Avec la fraîcheur de son jeune âge et l'ironie dandy d'un garçon de (très) bonne famille, Fermor raconte une Europe sur le point de basculer dans l'horreur. Il traverse l'Allemagne qui vient de confier son destin aux mains des nazis, boit du tokay dans les chateaux de l'aristocratie hongroise, dort sous la tente avec les Roms, découvre le rebetiko lancinant des Grecs, lit "Don Juan" dans un monastère du Mont Athos... Le mélange des genres, les langues, des milieux sociaux fait tout l'intérêt de ce texte savoureux, pétri d'intelligence, de bienveillance et de culture.
Neuf cent pages qui invitent autant au voyage qu'à la fête de l'esprit: une parfaite lecture pour l'été!
Traduit de l'anglais par Guillaume Villeneuve, Nevicata, 29 €
Tout commence avec un pauvre chaton: c'est cet animal fragile, qui fait office de ballon pour les enfants de leur classe, qui va unir les destins d'Ilya, Sania et Micha. Les trois écoliers sont comme leur petit protégé — des mal-aimés, victimes des moqueries et de la violence des gamins de leur âge. Et si le chaton meurt immédiatement, l'amitié qui s'est scellée entre les trois garçons pour le sauver de ses bourreaux durera aussi longtemps qu'ils vivront.

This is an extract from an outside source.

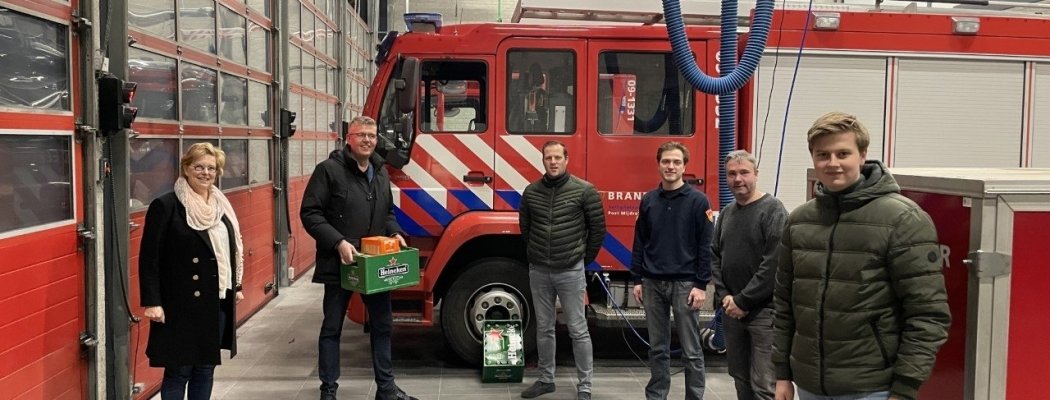 VVD bezoekt brandweer en staat stil bij lange en zware periode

En quelques pages (le chaton meurt à la page 19), Ludmila Oulitskaïa réussit à accrocher ses lecteurs, à les prendre par la main pour un long, passionnant et éprouvant voyage.
De la mort de Staline à la Russie post-soviétique, c'est quarante ans d'histoire russe que revisite "Le chapiteau vert", et le roman se place délibérément du côté de la dissidence, de ces voix fragiles, maladroites, obstinées qui ont courageusement bravé la peur et la violence d'un régime alors tout-puissant. Ilya, Sania et Micha seront chacun à leur manière des âmes rebelles, puisant dans leur amitié et dans le souvenir d'un professeur de lettres anticonformiste l'énergie de vivre conformément à leurs idéaux. Il y aura sur leur chemin des moments de répit, des amours fulgurantes, des solidarités indéfectibles. Il y aura surtout l'ombre partout présente de la peur, les perquisitions et les entretiens musclés avec le KGB, les années de camp et de rélégation, les compromissions, l'exil.
En dressant le portrait de trois personnages inoubliables, Ludmila Oulitskaïa rend un hommage vibrant à toutes les grandes figures, bien réelles celles-là, de la dissidence. Tous ces gens qui ont permis la fin d'un des régimes totalitaires les plus sinistres du XXe siècle. Dans une fresque au souffle romanesque impressionnant, elle donne une formidable leçon de vie, de courage et d'engagement, qu'elle dédie à "ceux qui ont été irréprochables et ceux qui ont trébuché en ces temps meurtriers, ceux qui ont tenu bon et ceux qui n'y sont pas parvenus".
Ludmila Oulitskaïa fait dire à l'un de ses personnages, lors de la publication clandestine du "Docteur Jivago" de Pasternak: "un magnifique post-scriptum à la littérature russe classique!". On lui adresse volontiers pareil compliment. Il y a chez elle la fougue, la virtuosité et le sens du tragique des plus grands.
On sort ébloui d'une telle lecture, et infiniment reconnaissant pour tant d'humanité.